Dataset excerpts
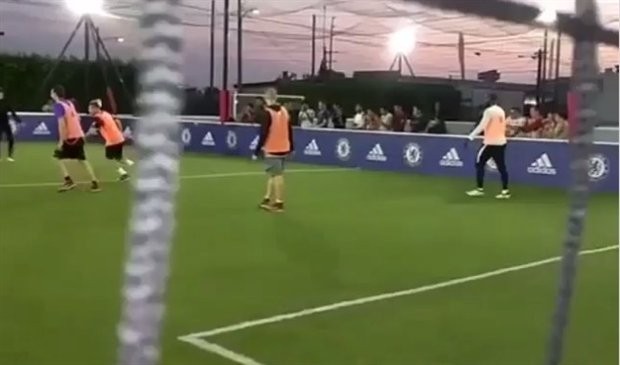 Sợ hiểu lầm, Lukaku vừa đá vừa che logo Chelsea - Bóng Đá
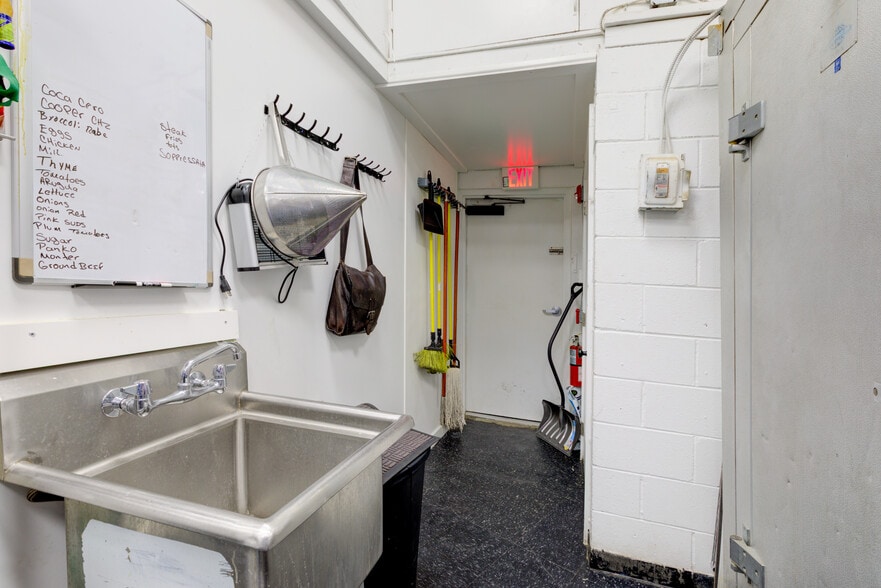 More Photos Of 1517 N 4th St, Philadelphia Showroom For Sale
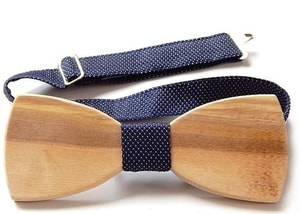 WOODEN BUTTERFLY BOW TIE, BLUE, SILK - TIES, BOW TIES, HANDKERCHIEFS{% if kategorie.adresa_nazvy[0] != zbozi.kategorie.nazev %} - SHOES, COSTUMES{% endif %}
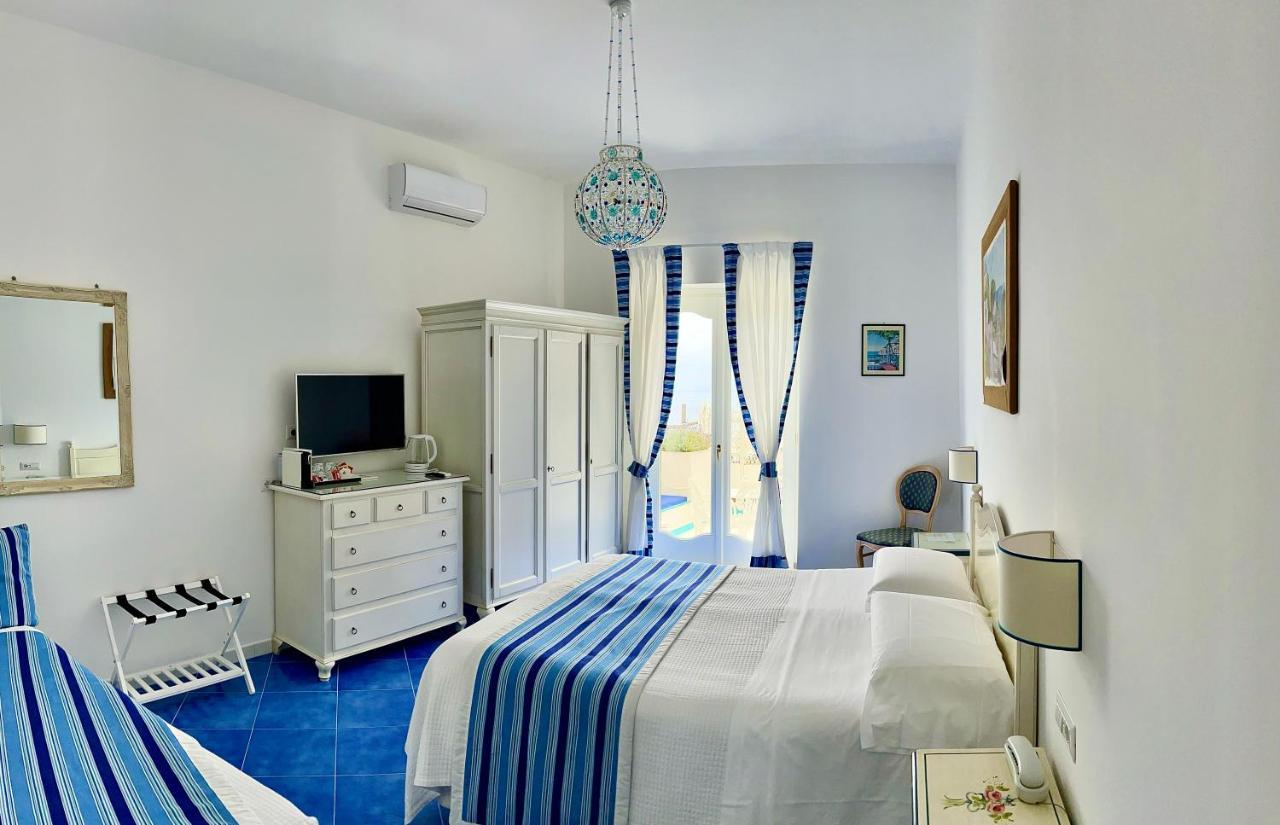 Hotel Villa Delle Palme In Positano Buitenkant foto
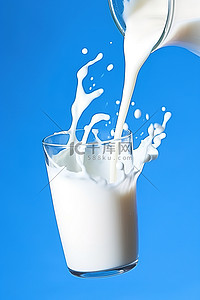 白色牛奶被倒入蓝色背景的瓶子中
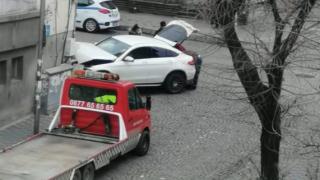 Само в БЛИЦ! Син на бизнесмен се размаза с джип за 150 бона в къщата на известен карловски общинар СНИМКИ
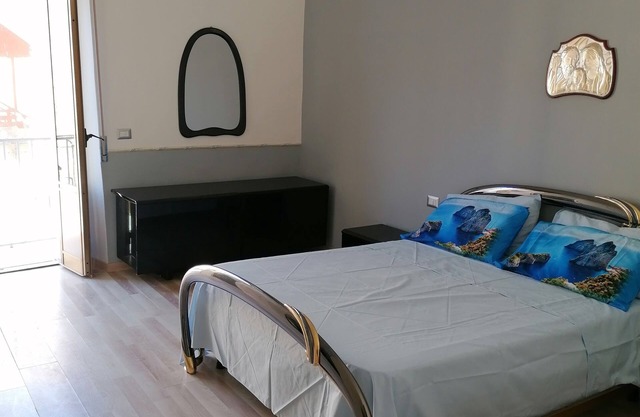 Close to Naples, Pompeii and 100 meters from boarding to Capri, Amalfi and Positano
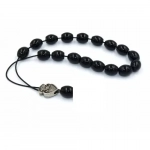 Κομπολόι με μαύρες χάντρες και μεταλλική καρδιά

**WHAT YOU WILL DO:**
Copy each entry exactly as written, and drop the pictures from the copy.

**SOLVED PROBLEM:**
 Sợ hiểu lầm, Lukaku vừa đá vừa che logo Chelsea - Bóng Đá
 More Photos Of 1517 N 4th St, Philadelphia Showroom For Sale
 WOODEN BUTTERFLY BOW TIE, BLUE, SILK - TIES, BOW TIES, HANDKERCHIEFS{% if kategorie.adresa_nazvy[0] != zbozi.kategorie.nazev %} - SHOES, COSTUMES{% endif %}
 Hotel Villa Delle Palme In Positano Buitenkant foto
 白色牛奶被倒入蓝色背景的瓶子中
 Само в БЛИЦ! Син на бизнесмен се размаза с джип за 150 бона в къщата на известен карловски общинар СНИМКИ
 Close to Naples, Pompeii and 100 meters from boarding to Capri, Amalfi and Positano
 Κομπολόι με μαύρες χάντρες και μεταλλική καρδιά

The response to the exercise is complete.